I remember the sick feeling in my stomach when I became aware of my number. A feeling of being completely out-of-control. By that point, I had lost faith in God, the government, all authority. I was too afraid to separate myself from my family. Too afraid to escape to Canada.

It felt like my life was over that day. One more trauma in a series of traumas, but one that would likely be my demise. I had survived others in my young life, some formidable. However, the US government and my perceived expectations of my family appeared to be insurmountable. A barrier that I did not have the strength to breach.

During my draft year, the war deescalated and they never reached draft number 108. It was still a year of hellish waiting.

I’m not sure what was more painful. The thought that I could be sent off to war and most certainly die, or the realization that those who pledged to protect me had clay feet. It was a time of transition for me. A time where I decided that the only way that I could move forward in life was by taking control of my own life. A time of abandonment of naive, but comforting beliefs. A time of doubting everything. When you doubt everything you are alone, and so it was a time of great loneliness.

It was one more step in me becoming ever more independent. A blessing and a curse. It was one more step in me becoming expert in areas that I found necessary or interesting. A blessing and a curse. It was one more step in me becoming skeptical of other’s motivations in their interactions with me. A blessing and a curse. It was mostly a terrible time.

I have softened over the years. tempered by life experience and maturity. I view authority with a reality that is more nuanced, less absolute. I have more trust with people in my life, and I realize that most individuals, agencies, and authorities have many facets… some good, some bad.

I tend to focus on the positive of people and things, not the negative. I tend to see the good in others, more than I see the bad. But I still have a wary eye.

I am aware of the damage caused to real people who were exposed to horrific atrocities at an age where they should have been focused on weekend parties and fast cars. I lost a cousin because of the trauma of Vietnam. I have worked with countless vets at the VA who lost functional lives because of their experience. I currently work with successful men who seemed to beat the odds, only to crumble when the structure of their work lives ended. That vacuum filled with memories and nightmares from a time better forgotten. It saddens me. It sickens me.

I am aware that knowledge without action means little. We can learn from the past, or we can repeat the past. This rule applies to big-picture stories, like the Vietnam war. It also applies to small-picture stories, like our personal lives.
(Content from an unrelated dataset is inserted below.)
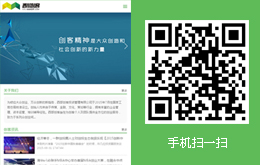 &#20061;&#24030;&#25163;&#26426;&#29256;&#30331;&#24405;&#20837;&#21475;&#45;&#20061;&#24030;&#65288;&#20013;&#22269;&#65289;&#23448;&#26041;&#32593;&#31449;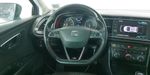 Seat Leon 1.4 FR Hatchback 2019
So many times we repeat cycles of futility, hoping for a different outcome. I want to move forward. I want to learn and move on. I don’t want to be cynical or paranoid, but I also know that I can’t be all trusting either.

My wife Julie sometimes criticizes me as I can come off as being an expert in many things. It is true that my obsessive nature drives me deep into topics. It is true that my professional life places me in a position where I am expected to be knowledgeable, an expert. I wonder if my intrinsic nature fueled this quality, or if it was formed by the traumatic realities of my young life?

I move on, forever growing, forever questioning. I want to believe, I want to trust… one step in front of the next, moving forward.